Only one stretch of the material below is wanted: everything from the line containing "Reina GIA Diamond" down to the line containing "Personalized faith adventure", both ends included. Repeat it exactly and skip the pictures.

#####

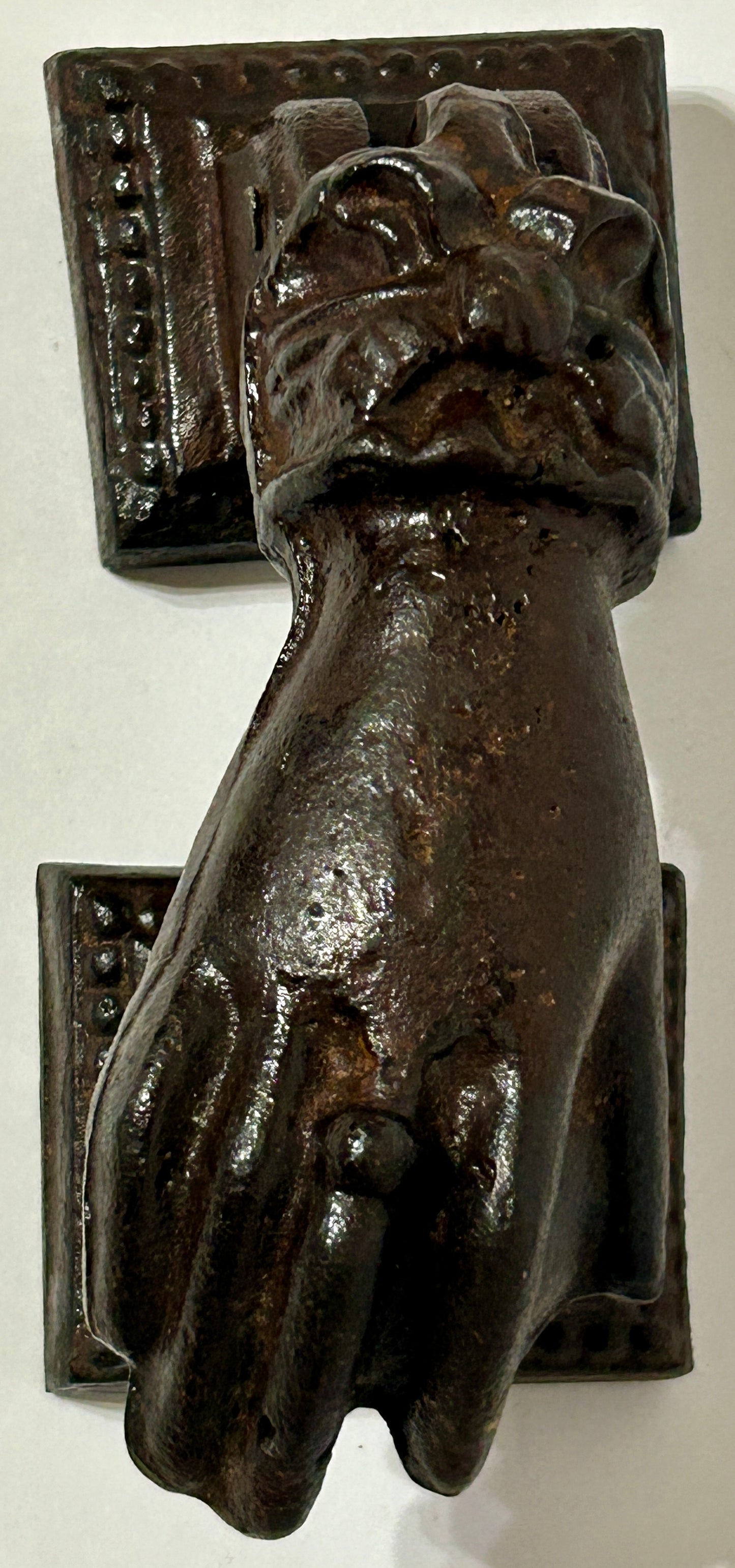 CAST IRON ANTIQUE FIGURAL HAND DOOR KNOCKER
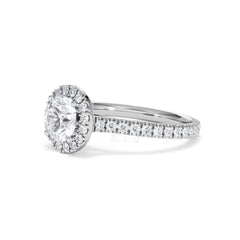 Reina GIA Diamond Halo Engagement Ring in Platinum 1.80ct G/SI2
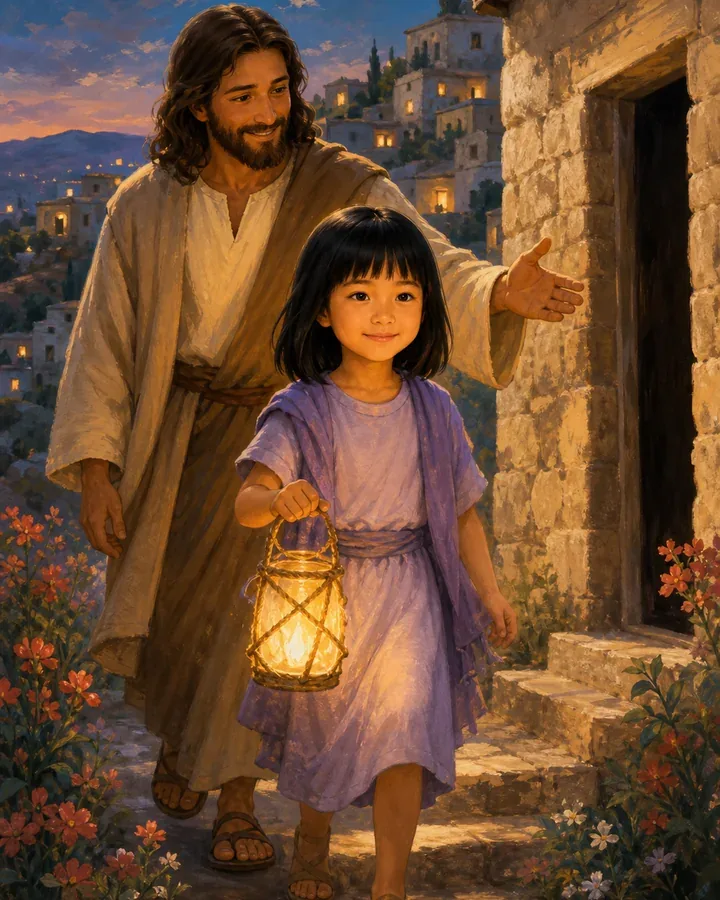 Personalized faith adventure illustration created from a child’s photo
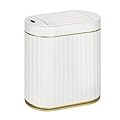 SYNCVIBE Bathroom Trash Can with Butterfly Lid 2 Gallon Sensor Trash can, IPX5 Waterproof Garbage Can, Automatic Slim Trash Bin, Under-Counter Wastebasket, Bathroom Decor for Bedroom, White Gold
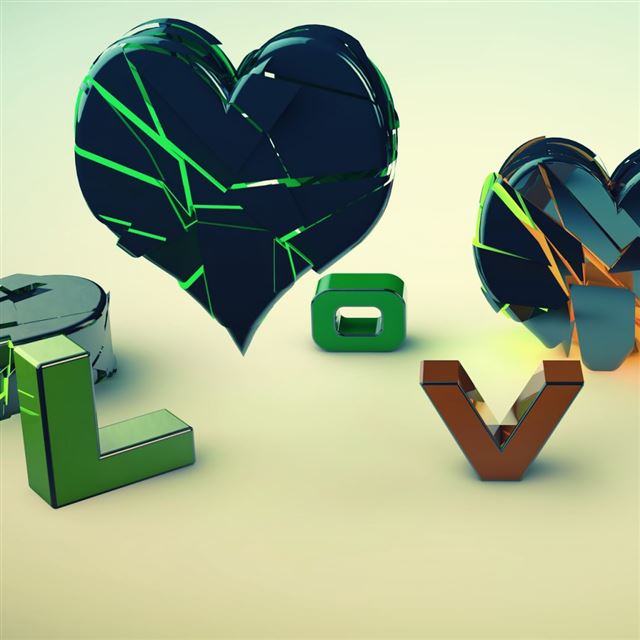 1024x1024 Love And Heart - orange iPad Wallpaper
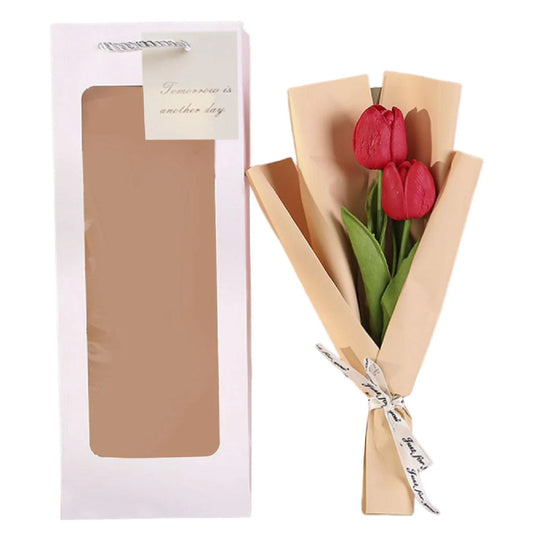 Mother's Day Tulips Artificial Bouquet Gift Bag (Red)
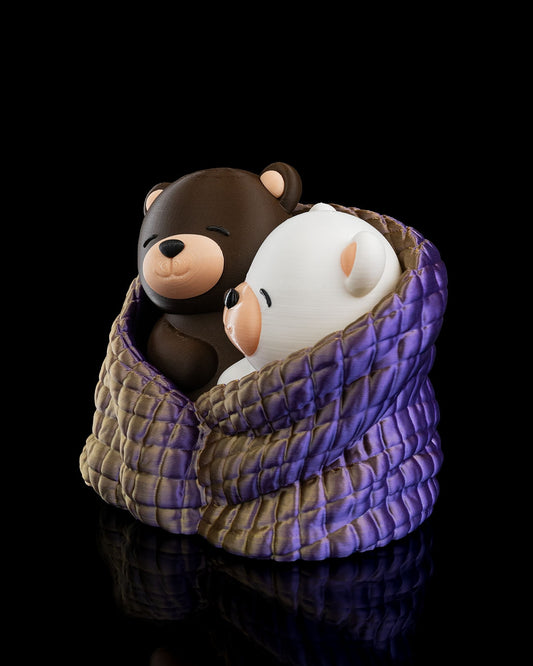 Cudding Valentine Bears (Brown-White-Gold-Purple)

#####

◆ **Task response**:
 Reina GIA Diamond Halo Engagement Ring in Platinum 1.80ct G/SI2
 Personalized faith adventure illustration created from a child’s photo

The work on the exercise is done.